Mit mehreren seiner Filme in Mediathek und Hauptprogramm ehrt der Kulturkanal ARTE den renommierten deutschen Regisseur Wim Wenders, der am 14. August sein 80. Lebensjahr vollendet. Am Montag, 18. August, läuft am späten Abend das Porträt "Wim Wenders: Der ewig Suchende". Wenders reflektiert im Film von von Marcel Wehn viel und sehr genau über seine Auffassung vom Kino und über seine unkonventionelle Arbeitsweise. Klar zum Vorschein kommt, dass für ihn fertige Drehbücher der Tod des Kinos sind - womöglich in zehnfacher Ausfertigung, wobei der Regisseur beim Dreh dann nur noch nacherzählen kann.

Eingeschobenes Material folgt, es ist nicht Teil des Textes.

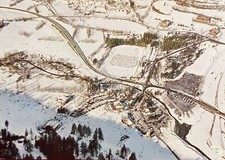 Cartolina - Bardonecchia - Partenza sciovie Pian del Sole e Pista Ghiaccio 1975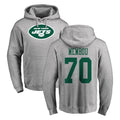 Davalo NY.Jets #70 Armand Membou Player Gray LOGO Pullover Hoodies Limited Game Stitched Jerseys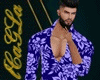 [C] Flower Blue Outfit M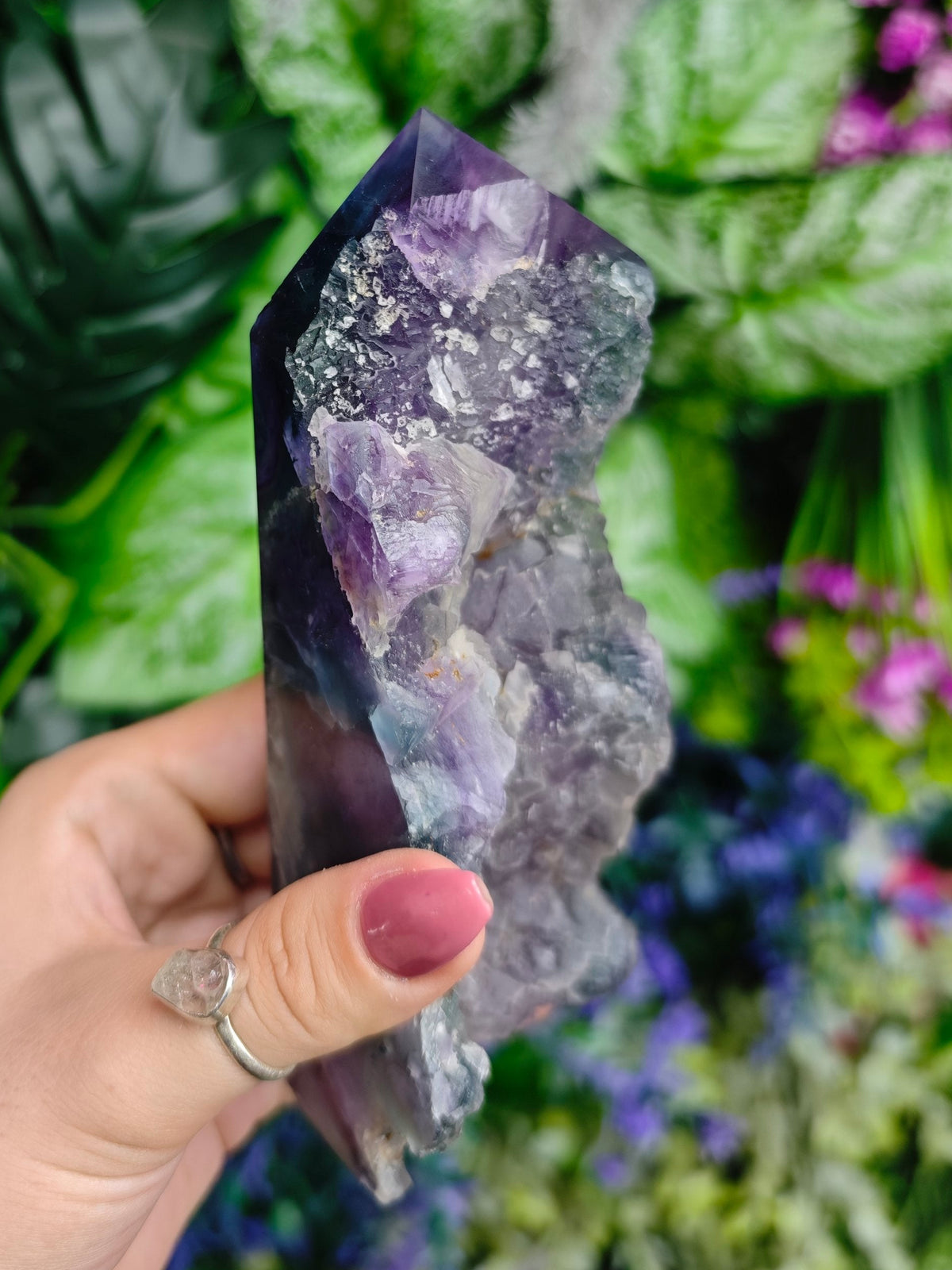 Fluorite Half Raw Tower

Nach einem gespielten Schluckauf berichtet Wenders in der Berliner Staatsbibliothek, einem der Drehorte seines Films "Der Himmel über Berlin", über seine Anfänge. Wie er nach Paris ging, um dort Maler zu werden und vor der Kälte in der Studentenbude Zuflucht in der Cinémathèque française fand, um jährlich 1.000 Filme seiner berühmten Vorgänger zu sehen. So richtig von der Kinolust gepackt wurde er allerdings erst am Schneidetisch im ersten Jahrgang an der Münchner HFF, als er Musik zum Kurzfilm mischte: "Das war's, dafür lohnt es sich zu leben!", so erinnert er sich. Seine ersten Filme seien dann allerdings "geklaut" gewesen, hätten heftige Zweifel in ihm geweckt. Erst mit "Alice in den Städten", der Geschichte eines Mannes, der über Amerika schreiben soll und doch nichts hinkriegt als die eigene Einsamkeit und Entfremdung von der Welt, kam 1974 mehr Zufriedenheit.
Die Ideen entstanden am Set und beim Dreh, zuvor gab es eine halbe Seite als Vorgabe, wie auch beim Roadmovie "Im Lauf der Zeit" von 1975, einer Reise entlang der innerdeutschen Grenze, bei der das Kinosterben in der Provinz Thema war. Wahrhaftigkeit, spontanes Empfinden statt vorgefertigter Texte, sollten zu Wenders' Markenzeichen werden.
Das Genrekino kam dazwischen. Mit Dennis Hopper drehte er 1977 den Krimi "Der amerikanische Freund" nach einer Vorlage von Patricia Highsmith. Die darauf folgende Einladung nach Hollywood ging schief, Wenders scheiterte mit dem Thriller "Hammet" und sah ein, "dass es nichts für mich war mit dem amerikanischen Studiosystem".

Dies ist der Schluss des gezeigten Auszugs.